Under CPBL’s Problems can also arise where the shipowner has first chartered the vessel to a charterer under a Charter Party and the Charterer in turn contracts with a shipper under a Contract of carriage on terms different from the Charter party.

Two crucial questions which must be answered in this case are:

(i) where there is a conflict between the terms of the bill of lading and the terms of the charter party under which it was issued, which terms would be binding on the shipper – the charter party terms or the bill of lading terms?
(ii)  and who is the carrier where goods are carried on a chartered ship?

In Leduc v Ward (1888) 20 QBD 4751 courts ruled that when the B/L is issued as a follow up of the C/p between the charterer and the owner then B/L is merely a receipt of goods as all the main terms of the carriage are already in the earlier contract viz the charter party.

Now consider a FOB contract where the charterer is also the consignee, as in the case of President of India v Metcalfe [1969] ALL ER 1549, the charterer was caught by a term, an arbitration clause, of the charter party even though there was no such clause in the bill endorsed to him by the shipper.

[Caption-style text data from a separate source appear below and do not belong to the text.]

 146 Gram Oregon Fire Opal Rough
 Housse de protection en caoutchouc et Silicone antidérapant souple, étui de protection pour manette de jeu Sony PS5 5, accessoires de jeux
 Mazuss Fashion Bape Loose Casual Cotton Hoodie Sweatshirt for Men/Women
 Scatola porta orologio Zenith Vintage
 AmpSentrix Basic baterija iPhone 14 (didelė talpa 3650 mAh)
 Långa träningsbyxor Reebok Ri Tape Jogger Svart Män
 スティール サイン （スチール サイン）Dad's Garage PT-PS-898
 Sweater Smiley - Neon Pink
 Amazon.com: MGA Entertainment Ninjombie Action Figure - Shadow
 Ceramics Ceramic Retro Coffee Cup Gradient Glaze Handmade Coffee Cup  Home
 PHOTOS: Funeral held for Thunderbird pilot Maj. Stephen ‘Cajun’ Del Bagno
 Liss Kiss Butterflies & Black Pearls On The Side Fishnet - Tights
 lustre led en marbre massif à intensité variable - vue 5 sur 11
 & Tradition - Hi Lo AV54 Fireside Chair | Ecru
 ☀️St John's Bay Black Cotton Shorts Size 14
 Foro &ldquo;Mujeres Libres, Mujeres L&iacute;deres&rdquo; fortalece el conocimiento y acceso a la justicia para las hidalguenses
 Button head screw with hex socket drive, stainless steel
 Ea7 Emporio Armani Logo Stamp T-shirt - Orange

Thus, where the charterer takes the bill directly from the shipper, his seller, it is clear that the endorsement of the bill to the charterer is very much an incident of the contract of sale and is in no way intended by any of the parties to alter the contractual agreements between the shipowner and the charterer, contained in the charter party. And hence any variations in terms between the C/P and the B/L can give rise to serious disputes.

Concluding, this was an attempt to have a fair idea of what is a CPBL and its difference with Marine BL. Cargoes in bulk will continue to move worldwide, Charterers will continue to hire ships, CPBL’s will continue to be used. Hence for reasons of its unique identity CPBL are to be treated with special care and it is always advisable to take legal assistance whenever entering into any International transportation of goods contracts.